Most people look for the Conversion ID because a website, CRM, ecommerce platform, or tag management tool asks for it alongside the Conversion label. The label is unique per conversion action (for example, “Purchase” vs “Lead”), while the Conversion ID is shared across conversion actions in the same account.
The most common confusion I see (even with experienced marketers) is mixing up the Conversion ID with the Customer ID (the 10-digit account number shown in the Google Ads UI) or with IDs used in analytics products. They are not interchangeable, and using the wrong one is a classic reason conversions don’t record.
Where to find the Conversion ID in Google Ads (current UI path)
If you already have a conversion action created, the fastest way to find the Conversion ID is to open that conversion action and look in its tag instructions. In the current Google Ads experience, this is typically organized under the “Goals” area.
Method A (most common): Copy it from the “Use Google Tag Manager” view
This is the cleanest approach if you’re setting up conversion tracking through a tag manager, because the interface usually surfaces both values clearly and in the format you need.
- In your Google Ads account, click the Goals icon.
- Go to Conversions, then open Summary.
- Click the conversion action you want to track (for example, “Purchase” or “Lead”).
- Find the Tag setup section, then choose Use Google Tag Manager.
- Copy the Conversion ID and Conversion label.
Practical tip: In most tag manager setups, the Conversion ID field expects the numeric ID only (no prefix). If you see the ID appear with an “AW-” prefix elsewhere, that’s normal—but don’t assume every platform wants the prefix. Always match the destination field requirements.
Method B: Find it inside your event snippet (direct install / developer handoff)

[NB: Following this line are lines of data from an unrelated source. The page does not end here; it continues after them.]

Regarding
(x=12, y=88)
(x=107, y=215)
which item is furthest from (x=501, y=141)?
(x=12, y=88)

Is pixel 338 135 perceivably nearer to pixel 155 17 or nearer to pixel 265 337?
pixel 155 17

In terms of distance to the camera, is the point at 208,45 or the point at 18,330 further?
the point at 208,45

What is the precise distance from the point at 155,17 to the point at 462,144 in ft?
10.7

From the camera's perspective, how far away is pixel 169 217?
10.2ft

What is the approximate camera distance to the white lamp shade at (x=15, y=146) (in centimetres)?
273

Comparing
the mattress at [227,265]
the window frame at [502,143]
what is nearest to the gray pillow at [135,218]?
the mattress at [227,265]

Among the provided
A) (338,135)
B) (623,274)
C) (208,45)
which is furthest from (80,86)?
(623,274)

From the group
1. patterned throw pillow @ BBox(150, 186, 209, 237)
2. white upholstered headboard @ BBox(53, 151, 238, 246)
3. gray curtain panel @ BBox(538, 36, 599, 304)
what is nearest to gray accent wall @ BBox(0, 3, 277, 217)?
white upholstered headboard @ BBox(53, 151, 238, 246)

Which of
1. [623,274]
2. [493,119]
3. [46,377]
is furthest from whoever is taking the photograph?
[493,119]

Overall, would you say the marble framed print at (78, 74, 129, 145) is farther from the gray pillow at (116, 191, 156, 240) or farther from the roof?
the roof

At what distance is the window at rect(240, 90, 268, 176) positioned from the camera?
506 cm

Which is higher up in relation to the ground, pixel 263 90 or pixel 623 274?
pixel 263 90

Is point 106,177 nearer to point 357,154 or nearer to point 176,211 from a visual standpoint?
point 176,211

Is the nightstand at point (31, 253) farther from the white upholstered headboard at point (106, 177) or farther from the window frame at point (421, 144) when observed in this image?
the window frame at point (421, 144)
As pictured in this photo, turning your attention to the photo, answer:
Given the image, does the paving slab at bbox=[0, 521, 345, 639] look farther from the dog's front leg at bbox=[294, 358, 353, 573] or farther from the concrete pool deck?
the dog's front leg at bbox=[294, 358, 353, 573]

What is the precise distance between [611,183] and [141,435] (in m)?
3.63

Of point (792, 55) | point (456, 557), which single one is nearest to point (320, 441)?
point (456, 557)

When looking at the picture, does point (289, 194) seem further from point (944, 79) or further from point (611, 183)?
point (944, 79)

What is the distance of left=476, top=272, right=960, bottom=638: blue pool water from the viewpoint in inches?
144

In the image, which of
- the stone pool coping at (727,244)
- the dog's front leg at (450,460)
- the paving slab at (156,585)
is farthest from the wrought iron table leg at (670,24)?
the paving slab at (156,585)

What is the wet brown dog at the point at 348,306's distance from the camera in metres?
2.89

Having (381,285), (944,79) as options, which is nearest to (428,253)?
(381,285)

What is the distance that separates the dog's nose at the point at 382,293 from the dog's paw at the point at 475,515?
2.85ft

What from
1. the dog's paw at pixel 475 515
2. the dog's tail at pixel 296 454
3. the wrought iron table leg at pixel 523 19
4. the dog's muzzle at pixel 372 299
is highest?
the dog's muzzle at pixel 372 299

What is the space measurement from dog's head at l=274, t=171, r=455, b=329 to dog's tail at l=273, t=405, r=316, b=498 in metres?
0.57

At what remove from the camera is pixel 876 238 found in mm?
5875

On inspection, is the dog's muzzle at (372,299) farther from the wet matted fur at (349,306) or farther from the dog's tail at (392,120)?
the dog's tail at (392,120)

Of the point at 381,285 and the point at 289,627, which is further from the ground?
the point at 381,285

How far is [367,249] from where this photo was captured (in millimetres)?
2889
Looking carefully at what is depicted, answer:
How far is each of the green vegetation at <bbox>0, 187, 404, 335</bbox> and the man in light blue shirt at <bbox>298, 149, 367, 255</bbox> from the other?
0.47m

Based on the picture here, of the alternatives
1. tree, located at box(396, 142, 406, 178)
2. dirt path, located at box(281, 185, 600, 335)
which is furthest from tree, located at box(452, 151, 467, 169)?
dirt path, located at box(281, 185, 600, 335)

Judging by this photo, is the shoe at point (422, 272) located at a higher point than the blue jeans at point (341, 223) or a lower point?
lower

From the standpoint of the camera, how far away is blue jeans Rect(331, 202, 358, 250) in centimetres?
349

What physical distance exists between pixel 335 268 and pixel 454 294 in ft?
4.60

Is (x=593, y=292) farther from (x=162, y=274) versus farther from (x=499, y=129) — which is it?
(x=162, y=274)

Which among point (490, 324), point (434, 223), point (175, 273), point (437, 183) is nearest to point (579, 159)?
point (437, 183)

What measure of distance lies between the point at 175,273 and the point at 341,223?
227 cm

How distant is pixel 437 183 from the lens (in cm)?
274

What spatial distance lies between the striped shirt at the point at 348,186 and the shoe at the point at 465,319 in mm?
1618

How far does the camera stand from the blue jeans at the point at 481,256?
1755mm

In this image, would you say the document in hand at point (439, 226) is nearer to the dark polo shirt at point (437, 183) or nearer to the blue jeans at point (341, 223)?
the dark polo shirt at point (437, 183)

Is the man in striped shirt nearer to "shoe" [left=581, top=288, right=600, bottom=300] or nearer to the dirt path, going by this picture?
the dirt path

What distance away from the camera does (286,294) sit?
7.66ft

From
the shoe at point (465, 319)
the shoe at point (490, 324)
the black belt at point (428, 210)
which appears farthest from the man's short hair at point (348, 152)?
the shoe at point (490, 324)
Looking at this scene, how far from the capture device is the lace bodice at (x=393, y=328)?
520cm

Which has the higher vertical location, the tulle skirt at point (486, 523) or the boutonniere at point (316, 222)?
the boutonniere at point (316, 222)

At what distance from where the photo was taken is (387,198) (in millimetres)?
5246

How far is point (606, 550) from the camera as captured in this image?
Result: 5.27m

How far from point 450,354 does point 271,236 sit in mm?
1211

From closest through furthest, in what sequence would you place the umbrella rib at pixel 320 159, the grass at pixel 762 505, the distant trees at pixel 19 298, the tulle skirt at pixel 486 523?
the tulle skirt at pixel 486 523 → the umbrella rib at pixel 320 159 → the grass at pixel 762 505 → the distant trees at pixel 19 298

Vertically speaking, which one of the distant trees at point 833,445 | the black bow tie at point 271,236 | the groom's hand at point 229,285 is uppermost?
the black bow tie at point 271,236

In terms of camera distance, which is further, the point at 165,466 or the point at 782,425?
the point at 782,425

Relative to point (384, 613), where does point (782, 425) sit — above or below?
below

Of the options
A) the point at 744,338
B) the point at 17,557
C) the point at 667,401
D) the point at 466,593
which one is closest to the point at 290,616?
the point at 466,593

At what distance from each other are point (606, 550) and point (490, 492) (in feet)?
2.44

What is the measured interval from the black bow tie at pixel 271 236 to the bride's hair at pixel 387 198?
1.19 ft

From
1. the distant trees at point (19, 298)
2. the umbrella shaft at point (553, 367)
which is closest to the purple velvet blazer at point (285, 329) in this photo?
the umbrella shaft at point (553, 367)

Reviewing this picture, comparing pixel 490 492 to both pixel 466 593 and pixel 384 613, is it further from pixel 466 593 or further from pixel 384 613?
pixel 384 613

If you’re installing directly on the site (or handing instructions to a developer), you’ll often find the Conversion ID embedded in the event snippet. In many implementations, it appears as part of a “send_to” value that looks like:
AW-CONVERSION_ID/CONVERSION_LABEL
In plain terms, the Conversion ID is the number after “AW-”, and the Conversion label is the string after the slash. This is especially helpful when a third-party tool asks you for the Conversion ID/label pair and you already have the snippet in front of you.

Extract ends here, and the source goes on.